この言葉をこの学校の建学の精神を表す言葉として、ここに刻もう。
そして私たちが変わるために、社会が変わるために、大切にすべき価値観や考え、変革のための理念は何か。
それは、「自立」「協働」「創造」である(ふたば未来学園の校訓)。
もはや「現状維持」という選択肢はないこの時代に、「変革者」が求められる。
連載の最後となる第4回では、ふたば未来学園の「学びの成果」について見てみる。
◉ 校則改正に見えた学びの成果
郡司校長がおっしゃっていたように、中学生、高校生がどんなに頑張ってもそう簡単に課題が解決できるわけではない。逆にいえば、生徒たちはかなり困難な課題に果敢に挑んでいるともいえる。例えば、ゼミ改編前の昨年度の高校3年生は「原発処理水の海洋放出について」とか「大熊町の風評被害払拭に関する探究」とか「運動が苦手な子はどうすれば動くことを好んでくれるか」とか「双葉郡と愛」とか……。
こうして取り組んで生徒たちが見いだした答えではなく、取り組むことで見えた生徒たちの姿を教えていただいた。果たして「変革者」の片鱗を垣間見ることができるか。
昨年度、校則の一部(ヘアスタイルなど3つの内容について)が改正された。高校の生徒会を中心に実現に2年半という時間をかけた。生徒会役員も変わったが、動きは継続されていた。生徒会の動きは「変えたい。じゃあ、動こう」という勢いに任せたものではなかったのだそうだ。

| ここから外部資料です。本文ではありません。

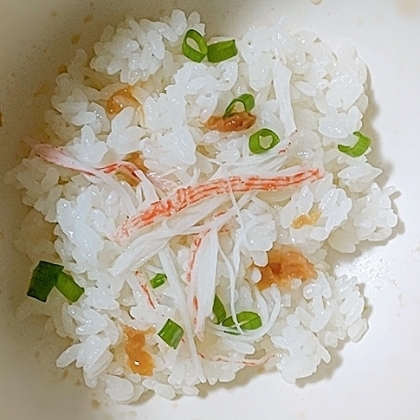 カニカマ炒飯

「中学生も含めてクラス協議をしたり、アンケートを取ったり、みんなが納得する形にするにはどうすればいいかと、きちんと手順を踏みました。生徒だけではありません。髪型とか服装とか、外部の人たちの目にもふれるので、地域の人たちからも意見をもらいたいということで、『学校評議員会に出席させてください』と言ってきたのです」
改正にあたって一番肝心な教師との交渉はこんなふうに進めていった。
「先生方との対話の場もありました。『校則をこんなふうに考えているのですが、ご意見をください』とすごく丁寧に求めてきたので、教員も『こうしたほうがいいのではないか』と前向きなアドバイスをしていました。教員のほうも生徒たちの姿勢に共感したようで、真摯に向き合い、非常にいい雰囲気の会議でした」
服装に関係する規則も少し緩やかになったが「教員たちも、生徒の姿勢に『おかしなかっこうにはならないだろう』と安心していたようです。生徒たちの自主性が育まれたのかなと思います」。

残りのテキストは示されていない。